[Records]
Content starts

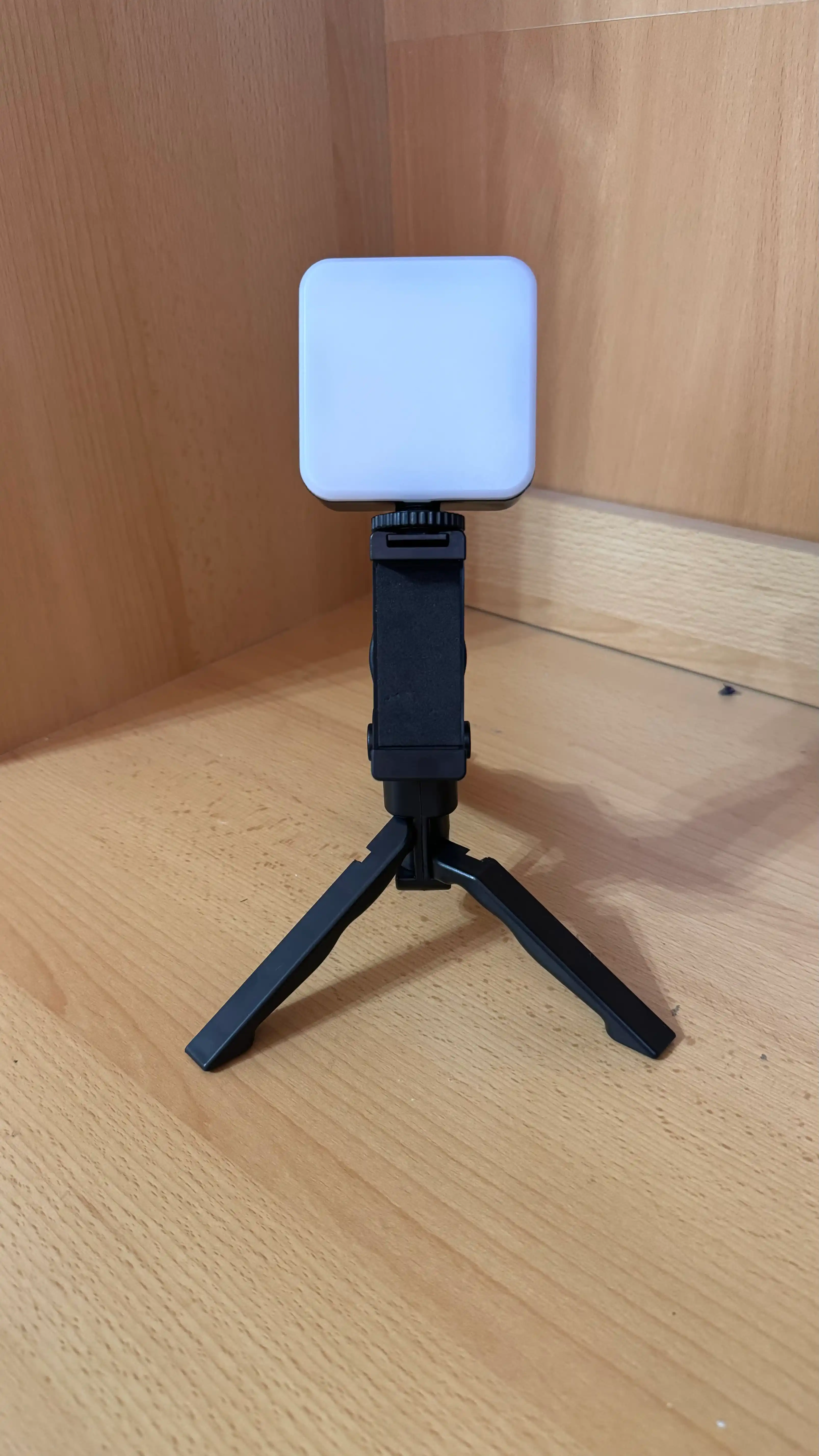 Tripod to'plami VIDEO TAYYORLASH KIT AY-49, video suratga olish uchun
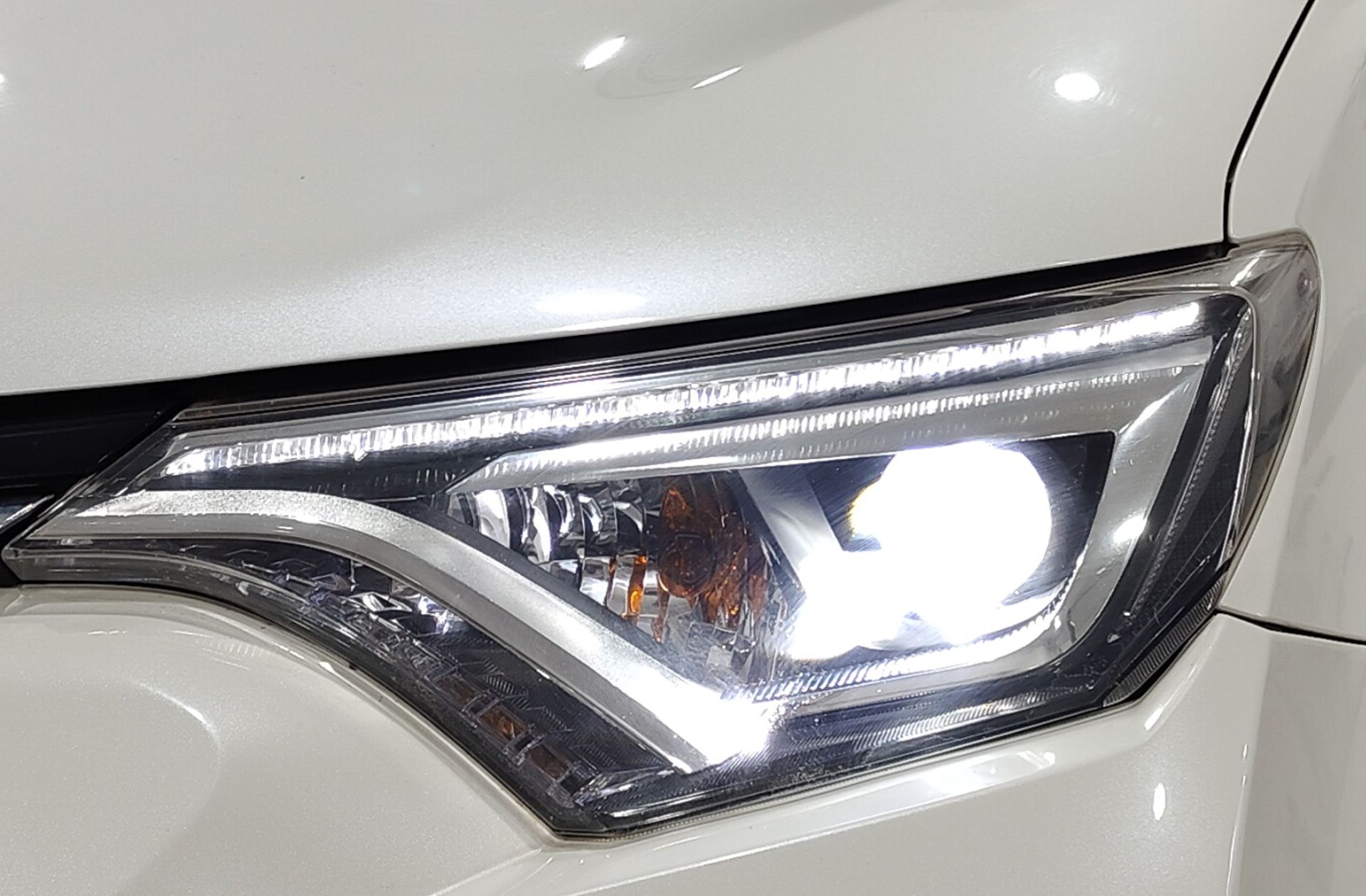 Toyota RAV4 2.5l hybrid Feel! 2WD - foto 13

Content ends
Content starts

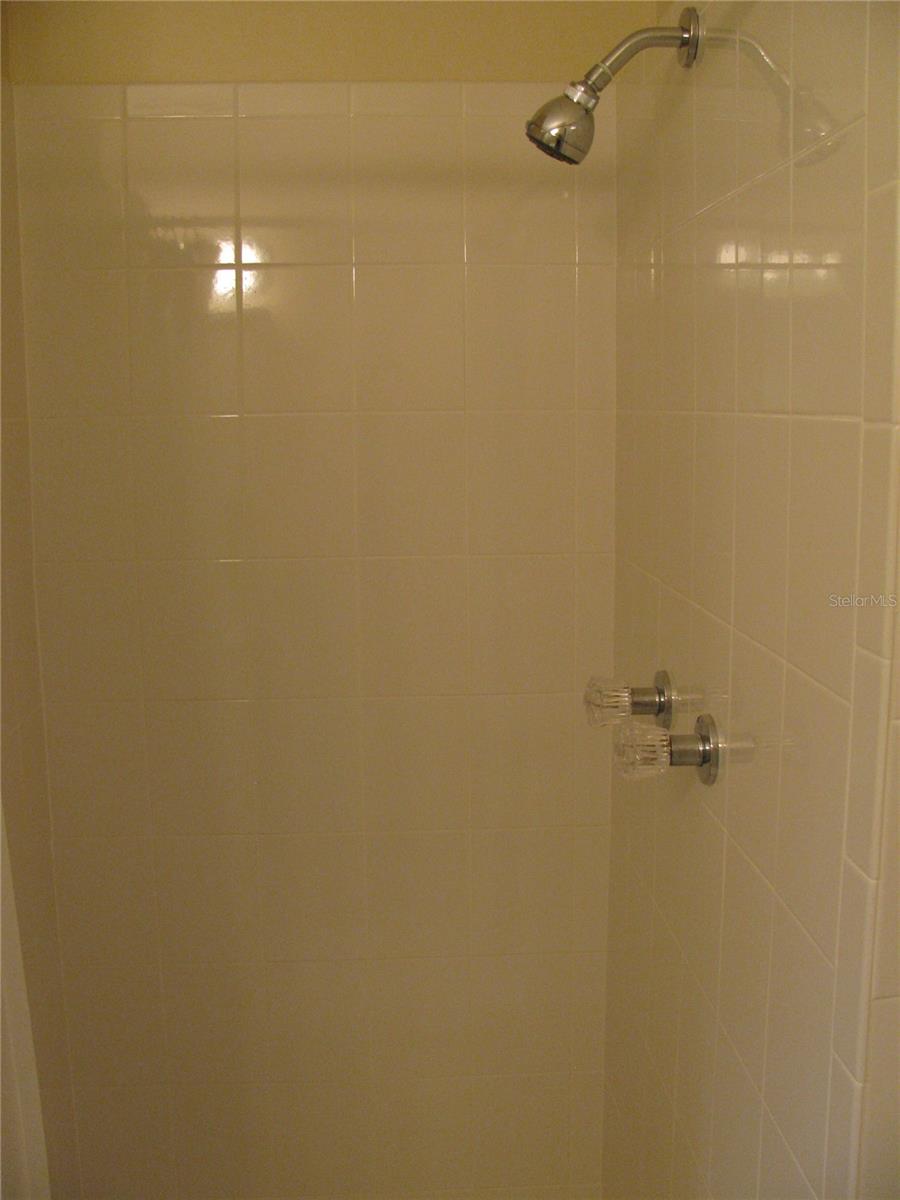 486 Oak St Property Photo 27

Content ends

[Exercise] Look through the material above. Transcribe exactly the lines between the ones with "Tripod to'plami VIDEO" and "Toyota RAV4 2.5l hybrid Feel! 2WD - foto 13", inclusive, and keep pictures out.

[Written answer]
 Tripod to'plami VIDEO TAYYORLASH KIT AY-49, video suratga olish uchun
 Toyota RAV4 2.5l hybrid Feel! 2WD - foto 13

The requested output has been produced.